▶ _Exercise directions_
Without including any picture, write out the entries exactly as they stand.

▶ _Data_
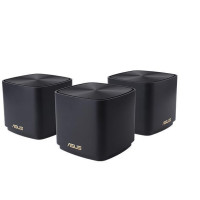 Wi-Fi Mesh система Asus ZenWiFi XD4 Plus 3pk Black (90IG07M0-MO3C50) (WiFi6, AX1800, 1xGE WAN/LAN, 1xGE LAN, AiMesh, антенны: 2)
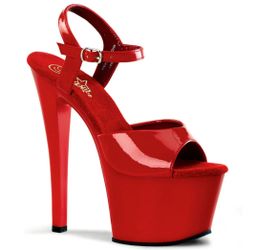 Pleaser stilettos SKY309 red size 6,7 & 9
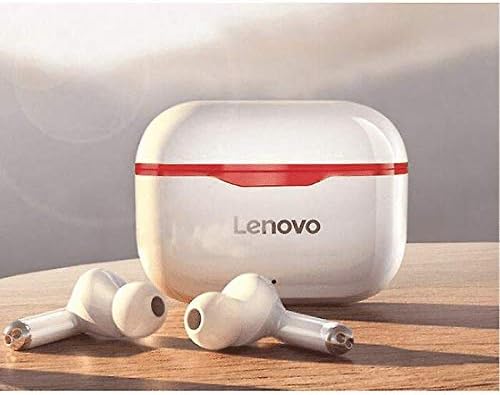 Lenovo Original LP1 TWS Bluetooth 5.0 Headphones for PC, Android, iPad, iPhoneiOS, Dual Stereo, Noise Reduction, HiFi Bass, red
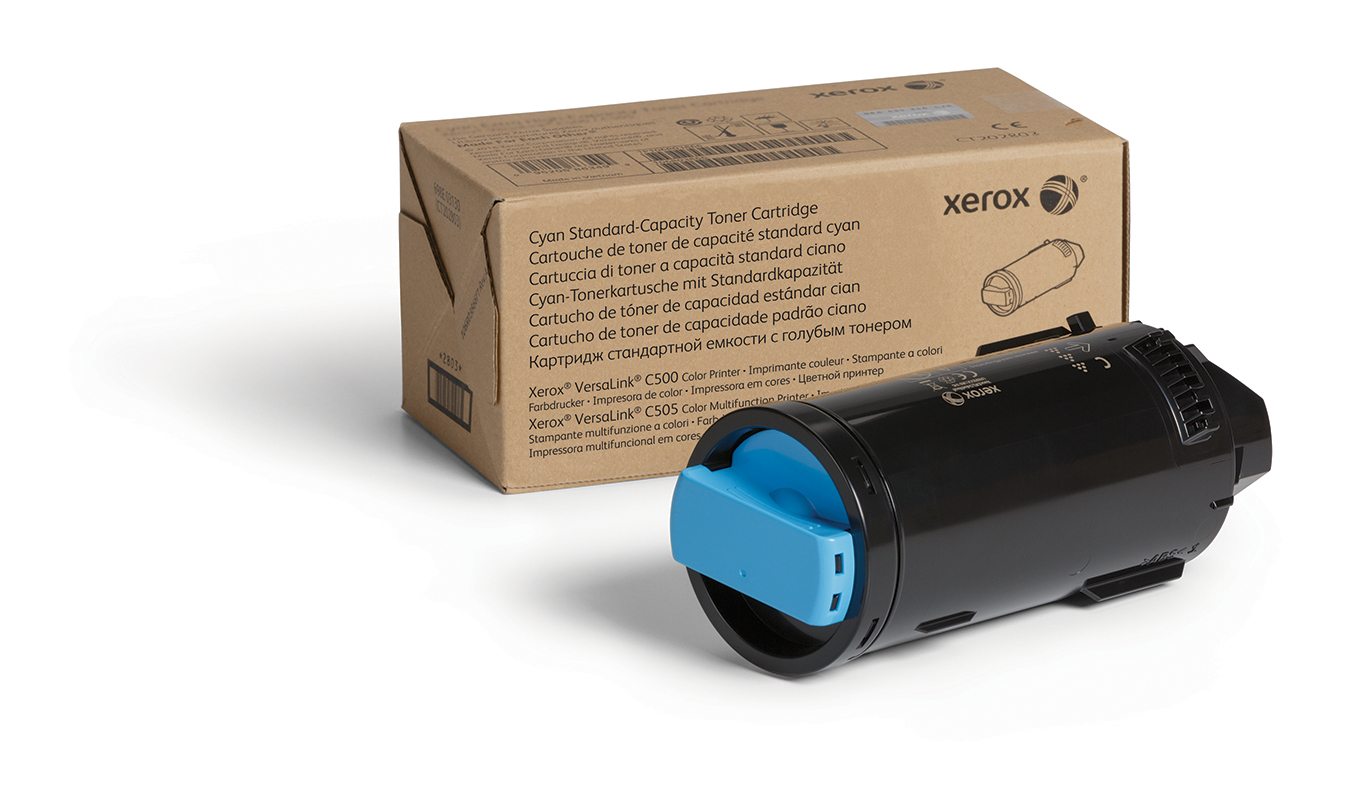 Xerox Genuine ® VersaLink® C500 Color Printer/C505 Multifunction Printer Cyan Standard capacity 106R03859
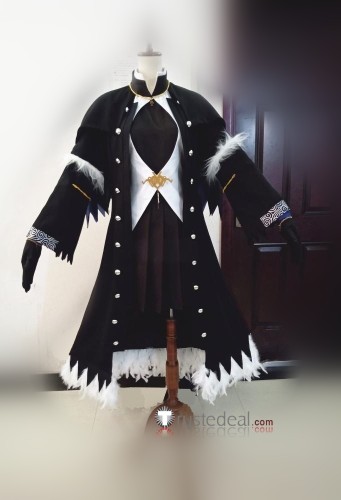 Arknights Lappland Black Cosplay Costume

▶ _Answer_
 Wi-Fi Mesh система Asus ZenWiFi XD4 Plus 3pk Black (90IG07M0-MO3C50) (WiFi6, AX1800, 1xGE WAN/LAN, 1xGE LAN, AiMesh, антенны: 2)
 Pleaser stilettos SKY309 red size 6,7 & 9
 Lenovo Original LP1 TWS Bluetooth 5.0 Headphones for PC, Android, iPad, iPhoneiOS, Dual Stereo, Noise Reduction, HiFi Bass, red
 Xerox Genuine ® VersaLink® C500 Color Printer/C505 Multifunction Printer Cyan Standard capacity 106R03859
 Arknights Lappland Black Cosplay Costume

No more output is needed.